--- Data extracts ---

————

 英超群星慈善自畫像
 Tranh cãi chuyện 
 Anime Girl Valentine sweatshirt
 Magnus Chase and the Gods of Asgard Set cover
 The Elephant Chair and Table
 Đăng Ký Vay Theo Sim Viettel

————

--- Exercise ---
Give back the complete material, keeping every word exactly as written.

--- Written solution ---
 英超群星慈善自畫像
 Tranh cãi chuyện 
 Anime Girl Valentine sweatshirt
 Magnus Chase and the Gods of Asgard Set cover
 The Elephant Chair and Table
 Đăng Ký Vay Theo Sim Viettel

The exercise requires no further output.